Problem statement | Beginning with the line containing "Fundango Pumila Padded" and ending with the line containing "LV MABILLON BACKPACK BLACK EPI GHW 02394", write out each line of the records below exactly; pictures and lines outside that range are left out.

Records shown |
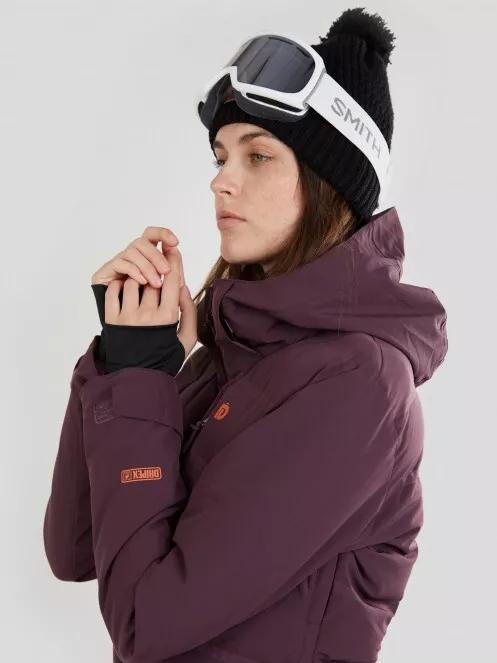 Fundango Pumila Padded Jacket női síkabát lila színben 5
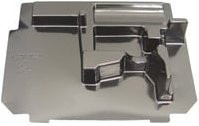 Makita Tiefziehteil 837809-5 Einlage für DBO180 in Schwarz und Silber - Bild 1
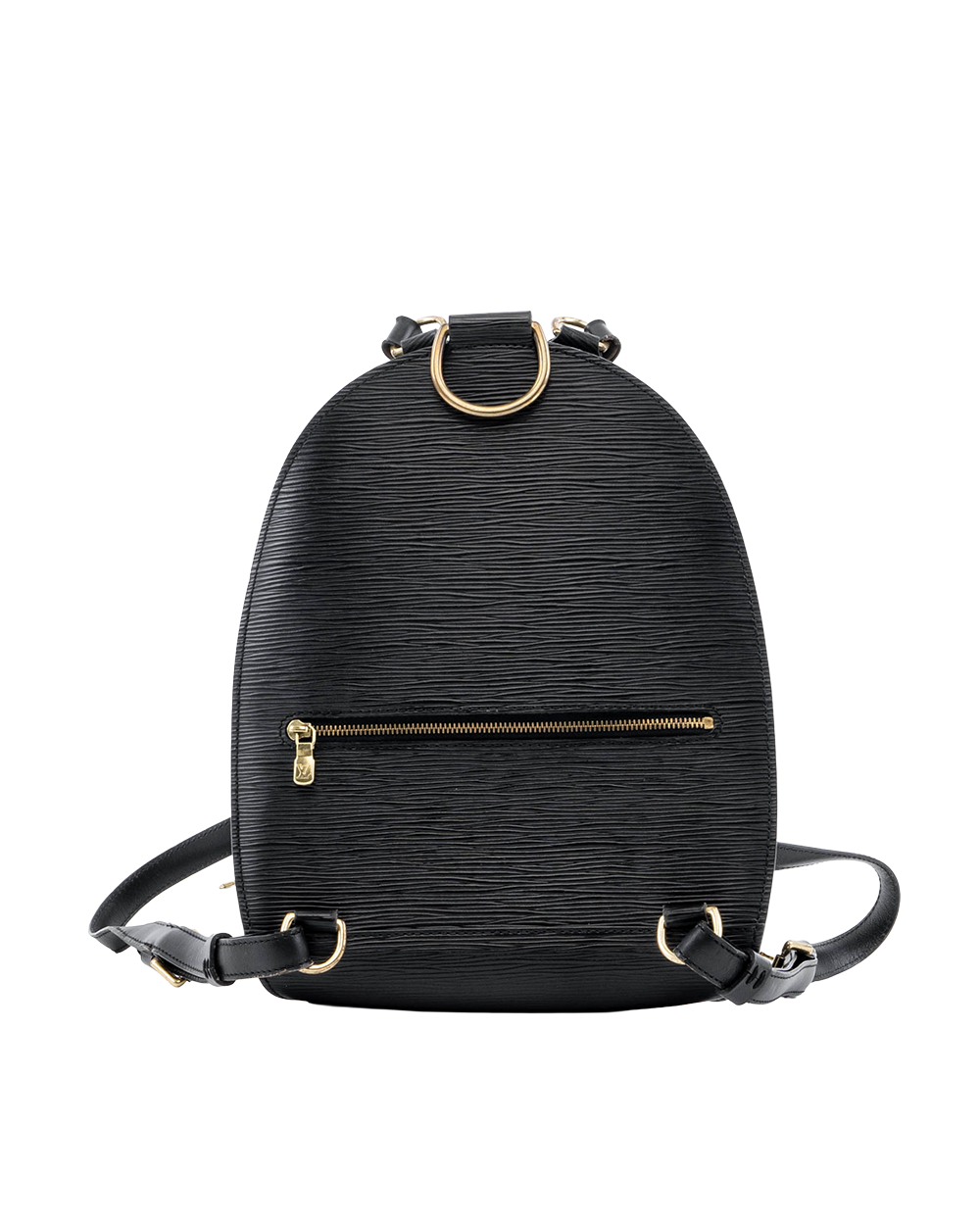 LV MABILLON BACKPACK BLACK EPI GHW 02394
---
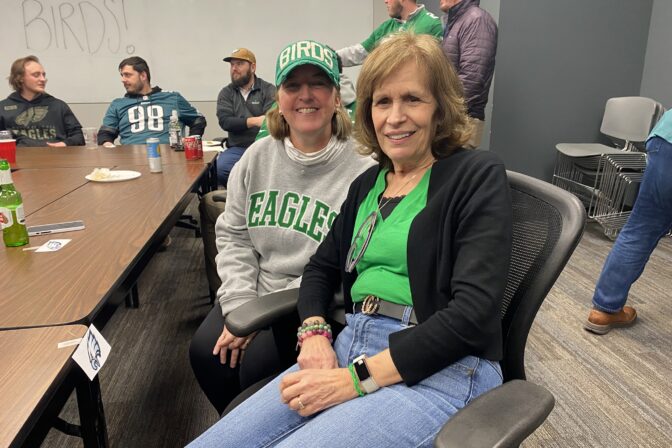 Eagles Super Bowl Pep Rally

Answer box |
 Fundango Pumila Padded Jacket női síkabát lila színben 5
 Makita Tiefziehteil 837809-5 Einlage für DBO180 in Schwarz und Silber - Bild 1
 LV MABILLON BACKPACK BLACK EPI GHW 02394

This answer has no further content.